Encontramos o ritmo quase sem procurar. Quando eu descia e engolia tudo, ele empurrava a língua contra meu clitóris. Quando eu subia para respirar, ele afrouxava e me lambia com preguiça. Era uma conversa sem palavras, um acordo entre dois corpos que se conheciam bem. Tive outro orgasmo assim, com o pau dele até o fundo da boca e as mãos agarradas às coxas dele, abafando os gritos contra a verga inchada. Senti as pernas dele tremerem sob mim e o quadril começar a se erguer para me foder a boca por baixo.

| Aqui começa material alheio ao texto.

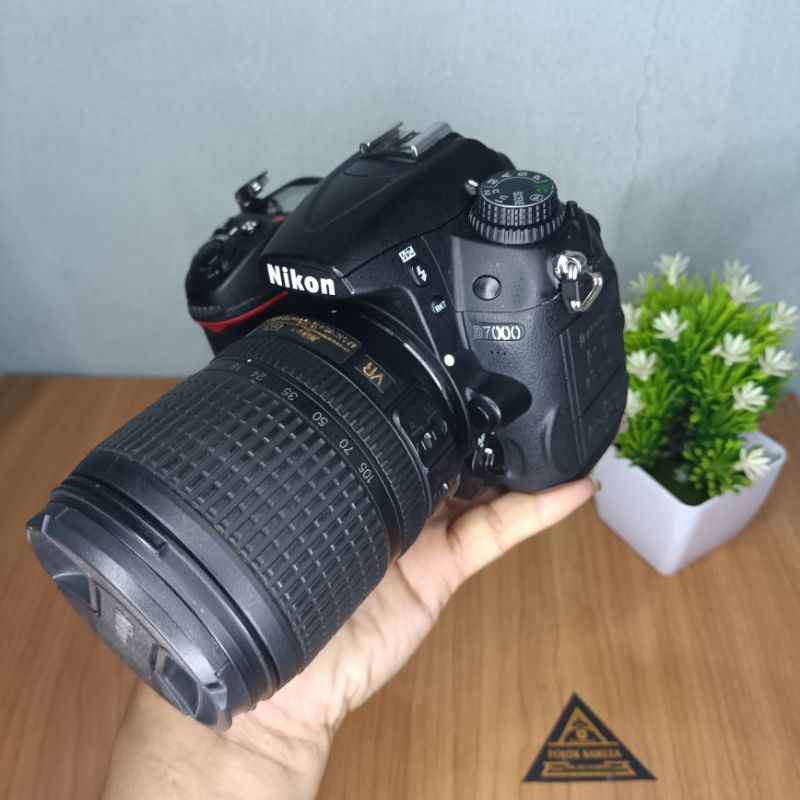 Nikon d7000 body only /DSLR NIKON D7000 LIKE NEW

— Não para — disse com a voz quebrada, se afastando um segundo da minha buceta para falar. — Não ousa parar agora. Engole tudo. Tudo, até o fim.
Senti a mudança, senti aquela tensão que conhecia de memória, os ovos se colando ao corpo, o pau inchando ainda mais entre meus lábios, o sinal de que ele estava prestes a gozar. Em vez de me afastar, acelerei. Comecei a mamá-lo rápido, apertando bem os lábios na coroa da glande, me ajudando com a mão na base, chupando os ovos entre uma investida e outra. Eu queria que aquele aniversário terminasse exatamente assim, com ele perdendo por completo o controle que tanto tinha gostado de ter durante a tarde inteira.

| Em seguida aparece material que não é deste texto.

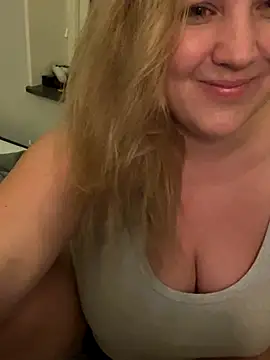 Snapshot of Anna_Alexa chatting on 11-19-25, 03:28 Anna Alexa online show from 11-19-25, 03:28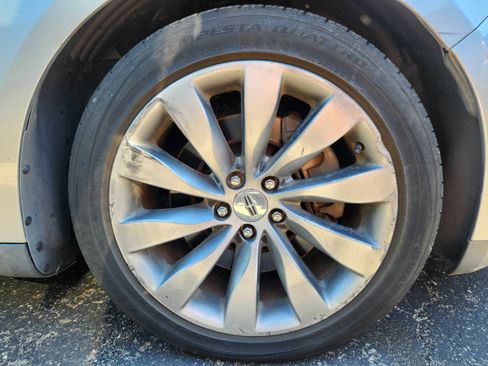 Used 2013 Lincoln MKS FWD image 5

Quando gozou, foi com uma intensidade que me surpreendeu até a mim. Senti a primeira sacudida e depois um jato quente, espesso, enchendo minha boca até transbordar. Recebi tudo, sem me afastar, apertando os lábios para não perder nada. Parecia não ter fim, uma onda atrás da outra, jato após jato de gozo, e enquanto isso ele continuava movendo o dildo dentro da minha buceta com uma mão e brincando com o plug do meu cu com a outra, me empurrando para um último orgasmo brutal que me sacudiu de cima a baixo. Gozei com o pau dele ainda na boca, engolindo cada gota de sêmen enquanto minha buceta se fechava em espasmos ao redor do brinquedo, os dois tremendo, os dois sem fôlego, meu queixo pingando com o que não cabia dentro de mim.
Quando finalmente soltei a verga dele, limpei tudo com a língua, até a última gota, olhando nos olhos dele por cima da barriga. Ele engoliu em seco.
— Porra — foi a única coisa que disse.
***
Depois ficamos quietos por um bom tempo, eu com a cabeça apoiada na perna dele, ele alisando meu cabelo, os dois cansados demais para falar. Pela janela entrava a luz alaranjada dos postes da rua, e de algum apartamento lá embaixo vinha uma música abafada. O plug continuava dentro de mim, lembrando a cada respiração o que tinha acabado de acontecer.
— Sabe de uma coisa? — ele disse por fim, rindo baixinho. — Passei a semana inteira esperando por isso. Quase não dormi pensando em como seria.
— Só pensando? — levantei a cabeça para olhá-lo.
— Não só pensando. — Ele sustentou meu olhar, descarado. — Guardei tudo a semana inteira para você. Nem uma punheta. Não queria desperdiçar uma gota sequer antes de hoje.
Eu ri, entre incrédula e lisonjeada. Que um homem planejasse o próprio aniversário com esse nível de detalhe me pareceu, naquele momento, a coisa mais romântica que alguém já tinha feito por mim, por mais absurdo que soe contado assim.
— Então a espera valeu a pena — eu disse, e voltei a apoiar a cabeça na coxa dele, sentindo como o pau dele já começava a despertar outra vez perto da minha bochecha.
Ainda tínhamos todo o sábado pela frente, e a noite de sábado, e a manhã de domingo antes de cada um voltar para a sua vida de sempre. Mas já naquela primeira noite eu sabia que não ia esquecê-la. Não pelos brinquedos, nem pelas posições, nem por nada do que qualquer pessoa pensaria ao ler isto.
Eu me lembro dela pela sensação de ter me entregue por completo a alguém e ter saído de lá me sentindo mais minha do que nunca. Eu lhe dei as rédeas por um fim de semana, sim. Mas o presente, no fim das contas, fui eu quem me dei.